The average cost on one of the group's game tickets: $1,500 in public money.
When one tallies all the public money for the Houston First crew and officials from the Houston mayor's office, the total cost adds up to $85,000 for a couple of days in San Francisco.
Officials from Houston First, which is funded by a large chunk of the city's hotel tax, said this was a trip to learn about how to run a Super Bowl.
"It would have been irresponsible for us not to have sent folks there to understand how to better execute this event," said Mike Waterman, executive vice president of Houston First, who is also the Visitor's Bureau CEO.
But Houston First isn't in charge of Houston's Super Bowl week slated for next year. Its mission is to make sure Houston looks good doing it.
Some city leaders weren't happy about the Houston First Super Bowl sojourn.
"We're dealing with a budget crisis here," Houston Councilman Dwight Boykins said.
Indeed, the city controller predicted last month that Houston will enter the 2017 fiscal year with a $140 million shortfall and said that layoffs of city workers are likely.
Boykins saw the Houston First trip first-hand. He went to the game -- paying his own way.
Councilman Dave Martin was there, too. Martin also paid his own freight.
When Boykins and Martin landed in San Francisco, the pair shared an Uber to their hotel. but As they squeezing into the Prius, Martin glanced over and saw the official Houston First delegation.
"They were getting ready to get into a limo," Martin said.
Houston First told abc13 that it was a limo van for seven people.
"For efficiency and to save money several Houston First team members shared a limousine shuttle service for transportation from the airport to the hotel, not individual limos or cabs," Houston First officials said asked about the limo.
But it appears they all had a good time, if photos can be believed. We show some of them in the video above.
State Sen. Paul Bettencourt, R-Houston, who serves on the upper chamber's Finance Committee, also had a problem with the trip.
"This is excessive," he said, when showed spending documents and photos of the trip. "You just hope everyone would use discretion."
Houston First sent its CEO, its chief financial officer and its visitor's bureau chief too.
All three more brought their spouses on this so-called business trip.
The spouses paid their own airfare and meals.
And Houston First officials said they reimbursed the Super Bowl committee for spouses' game tickets when they got back. That is also the same day Ted Oberg Investigates asked for expense reports.

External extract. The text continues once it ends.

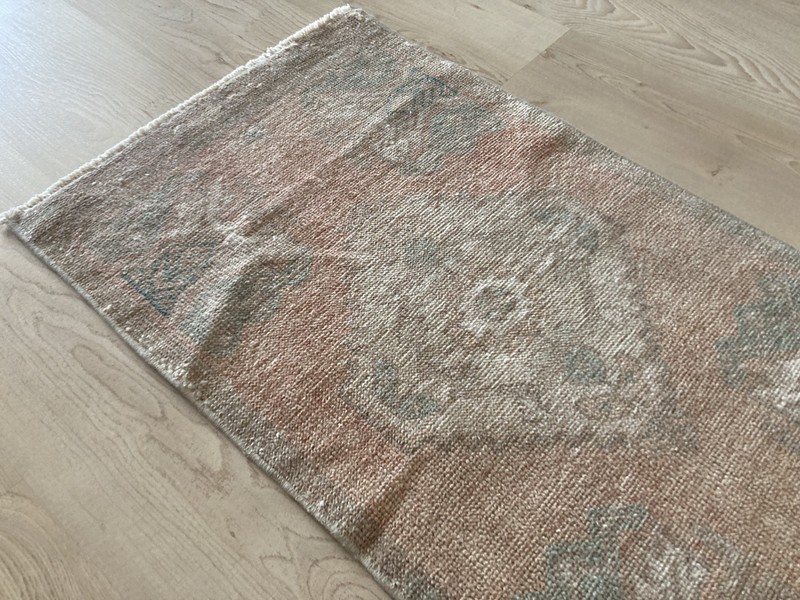 Pink rug, Turkish rug, Vintage rug, Small rug, Wool rug, Doormat, 1.6 x 2.9 ft gallery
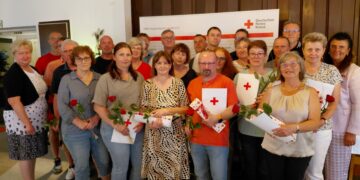 Langjährige Blutspender: Der DRK-Kreisverband Lausitz zeichnete verdienstvolle Frauen und Männer für 50 und 75 Blutspenden aus (Foto: DRK-KV Lausitz/A. Heyne).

The Super Bowl committee has no checks from any of the spouses and it's not noted in any documents we received. As it relates to the checks, Houston First officials said, "reimbursement checks have been written, but waiting on invoice from Super Bowl."
In addition, at the big game Waterman apparently didn't want to miss a second of the action so he bought some food on the public dime and had it delivered to his seat.
He said he was trying out a food ordering app he may want to bring to Houston for Super Bowl 51.
"I think that was the most expensive burger and coke I ever had," Waterman said. "The app said 'order and we will deliver it to your seat.' I thought that was really cool and I gave it a try."
The NFL also threw in tickets for its exclusive pre-game tailgate.
There the Houston First gang mingled with Mayor Sylvester Turner, his daughter and his daughter's friend.
They were along as guests of the Houston Super Bowl Host Committee.
It's unlikely they were talking about the mayor's speech at City Council just four days earlier.
"If I am forced to lay off large numbers of city employees the cuts in services in your district will be real," Turner said during the February 2 council meeting.
It makes Martin wonder if city layoffs hit, will his colleagues wonder if this money could have been better spent.
"When we're talking about layoffs and a budget crisis we should reduce the number of folks going on the city nickel," the councilman said. "We should have done that."